I'm sure she knew that would cause her hell if I did complain. I imagined some rough, gay fuckin' guard would point that out to me too. "Yeah… ahhh… sure… I mean, it's no problem." My mind was reeling and I was so nervous about all of it, including Lana, I didn't even wonder about Barb getting cavity searches, and if there were lesbian guards doing the fingering so I didn't think about her saying -- You're not a prisoner, and the implications of that regarding her. "So... ahh... next Sunday."

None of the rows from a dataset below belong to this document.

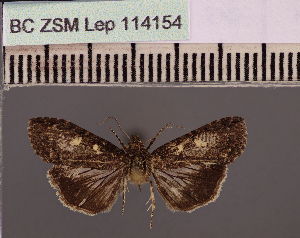  (Lophoptera umbrataAng - BC ZSM Lep 114154)  @11 [ ] by-nc-sa (2021) SNSB, Staatliche Naturwissenschaftliche Sammlungen Bayerns ZSM (SNSB, Zoologische Staatssammlung Muenchen)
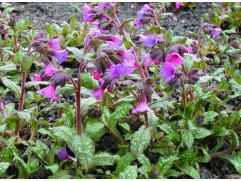 Медуница сахарная 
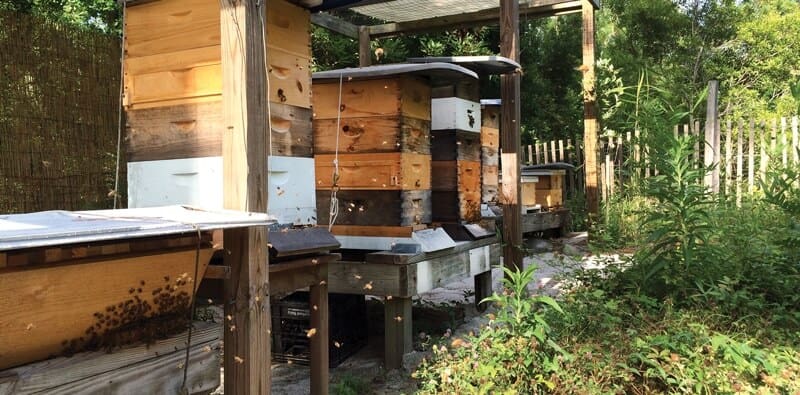 bees-hives Bees hives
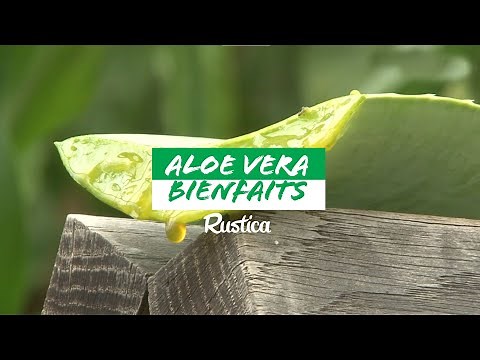 🌱 The benefits of Aloe Vera: A plant with multiple virtues! 🌿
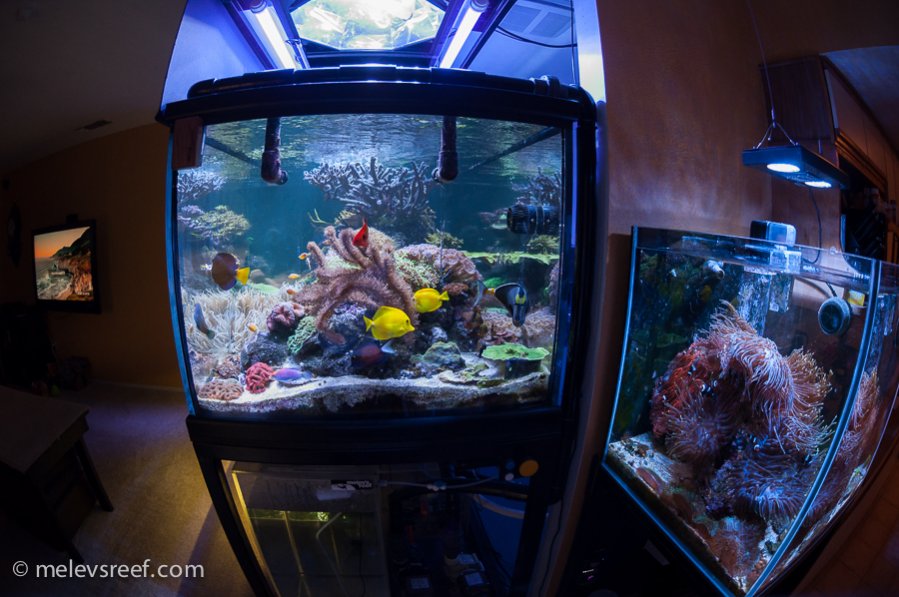 Name:  fisheye_eot.jpg
Views: 289
Size:  107.6 KB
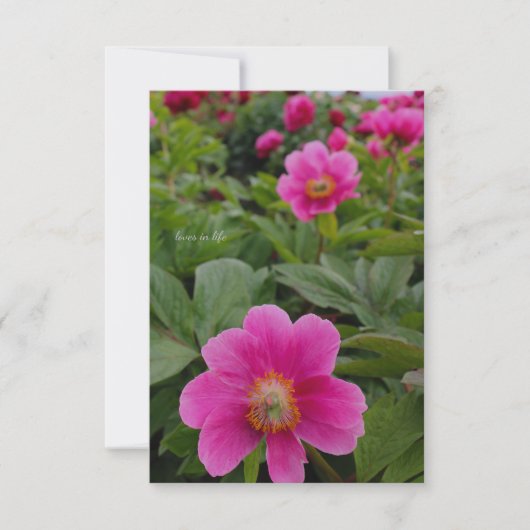 ピンク独身のの牡丹 ノートカード (正面)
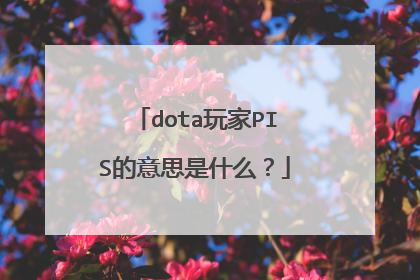 dota玩家PIS的意思是什么?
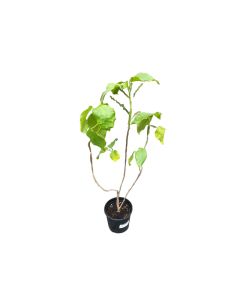 Acalypha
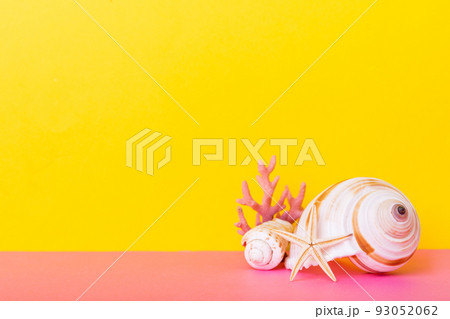 Beach seashells on colored background. Mock up with copy space Beach seashells on colored background. Mock up with copy space 93052062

"Uh-huh. That's… all right with you, isn't it?" Barb looked scared again. "You... you still really... do want to make love with me, don't you?"

I took a breath. "Yeah, of cour..." I forced a small smile to my mouth. "Yes, I want to make love with you next Sunday. I want to make love with you... every day." I can't describe what my gut felt like at that moment, even though I guess it was the truth. I guess I would want to make love to her everyday. I'd also want to make love with Lana everyday. I forced my smile to grow.

She started to smile as her face scrinched and more tears ran down her face. She giggled and softly sobbed simultaneously. Her voice was strained. "I love you so much." She giggled-sobbed again, then added, "You're so cute sometimes."

I felt the fucking complications of my life double. I felt the weight of my guilt and self-hatred skyrocket. My mind was in overdrive, thinking about Lana, Barb, how I had fucked up everything so badly, how weak, stupid, and foolish I was. I don't know how, but my small smile stayed in place and I said, "And you're beautiful all the time." As soon as that passed my lips, it was the lowest I had ever felt in my entire life.

"I guess we should tell Lana now. She'll..." Barb smiled and wiped her eyes with the napkin. "She'll probably be happy she won't have to come next week. She can have a Sunday with her friends."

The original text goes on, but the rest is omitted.